Whether his luck will hold is anyone's guess. Over the past 30 years the 55-year-old has attempted three dives on the wreck of HMS M2 in Lyme Bay and been beaten by bad weather every time.

"I'm looking at the weather now and it's pretty bad again," he says at his holiday base in Portsmouth.

He knows the risks. Secretary of the Nautical Archeological Society, he describes his hobby as "not unreasonably dangerous but potentially dangerous."

He speaks only days after a couple of experienced divers died in the wreck of HMS Scylla off Plymouth. It is believed they ran out of air after becoming lost or trapped deep inside the sunken warship.

"We do not take unnecessary risks," insists Mr Williams, a senior lecturer in law. "If you go climbing, mountaineering or parachuting there are always risks. But this is probably less dangerous than driving to work."

His team's mission to M2 is not to enter the hull - it is a designated war grave - but to film the wreck for later examination.

The divers also hope to attach a buoy from which a flag will "fly" underwater in silent tribute to the British sailors who died on a most unusual vessel.

The loss of M2 was a huge blow to the Roy-al Navy and to Britain. It led to calls for submarines to be banned throughout the world.

Mike Williams says the tragedy was the result of the navy's ambition outstripping its technology. The M-class subs, weighing 2,000 tons and almost as long as a football pitch, were originally fitted with big guns designed to sink ships up to 20 miles away.

Supporting image.

All went well until January 26, 1932, when M2 left her base at Portland on exercise. Her last communication was a radio message just after 10am. An hour later a passing coaster noticed a large submarine diving stern first.

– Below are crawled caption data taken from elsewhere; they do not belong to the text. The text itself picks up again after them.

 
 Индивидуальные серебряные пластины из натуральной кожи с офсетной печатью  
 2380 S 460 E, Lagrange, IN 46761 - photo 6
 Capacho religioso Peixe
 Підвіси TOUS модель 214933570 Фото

HMS M2 was found on the bottom eight days later. The hangar door was open and the aircraft still in it. The accident was believed to be due to water entering the submarine through the hangar door.

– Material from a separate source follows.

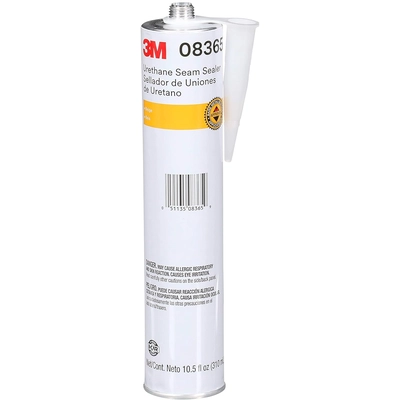 3M - 08365 - Urethane Seam Sealer pa1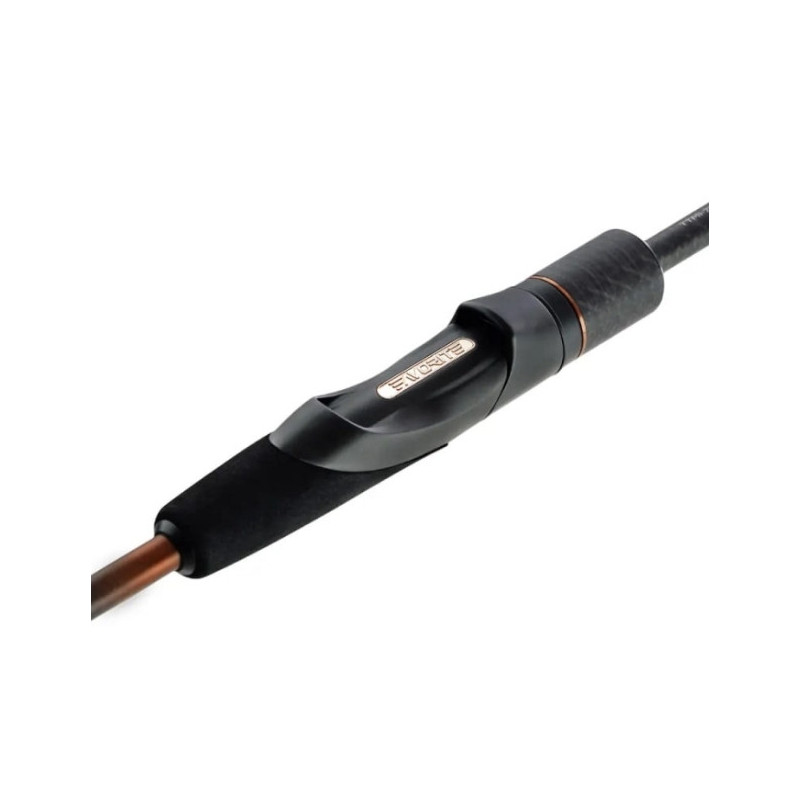 Wędka Favorite Totem TTM1-842L-S 254cm / 2-10g Wędka Favorite Totem TTM1-842L-S 254cm / 2-10g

Some believe the Royal Navy's crack crew, always racing to beat their previous record for launching the aircraft, opened the hangar door while the deck was still awash.

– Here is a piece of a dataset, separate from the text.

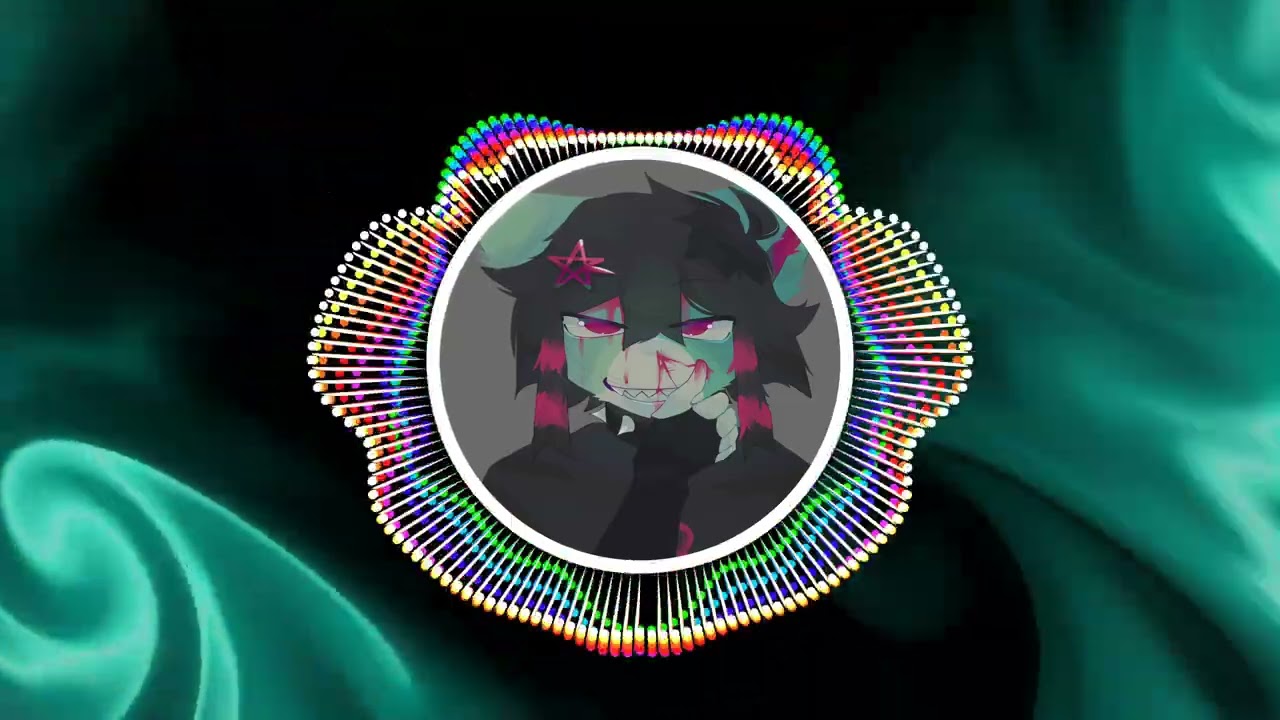 Kesha - We R Who We R (Gravagerz Remix) []Bass Boosted[]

A rival theory is that the stern hydroplanes, used to hold the vessel at the surface, suddenly failed. This would account for M2 vanishing stern first.

Wolverhampton mourned the loss of one crew member, 28-year-old William Peplow of Napier Road. A sailor from the age of 16, he was part of a crew of 60. Within hours, all were "presumed drowned."

Mike Williams is not the first Black Countryman to visit M2 since the tragedy. Ernest Cox, the legendary Wolverhampton salvage expert who had raised the scuttled German fleet at Scapa Flow, was hired to salvage the huge sub.

"Some historical figures you'd just love to meet, and Ernest Cox is one of mine," says Mr Williams. "He was the best in the world with his salvage expertise."

But bad weather defeated even Cox's genius. On December 8, 1932, his team lifted M2 to within 20 feet of the surface before a gale sprang up, sending her down to her final resting place. The submarine currently lies upright on the sea bed about 90 feet below the surface.

After the terrible loss of His Majesty's Submarines M1 and M2, the crews sent to the sole surviving M-class sub M3 must have had a worrying time. In fact, against the odds, M3 had a long and successful life as a mine-layer. She was sold days after the 1932 M2 disaster and was scrapped a few weeks later.

Mr Williams's dive, a co-operative effort between the Fleet Air Arm, the Submariners' Association and the Nautical Archaeology Society, is scheduled for September 3-6.

Whatever happens, his priority is that HMS M2, having claimed 60 lives, will not claim any more.

"The weather outlook is pretty awful and I'm beginning to have nightmares," he says. "We're prepared to put up with any discomfort but we're not going to push things."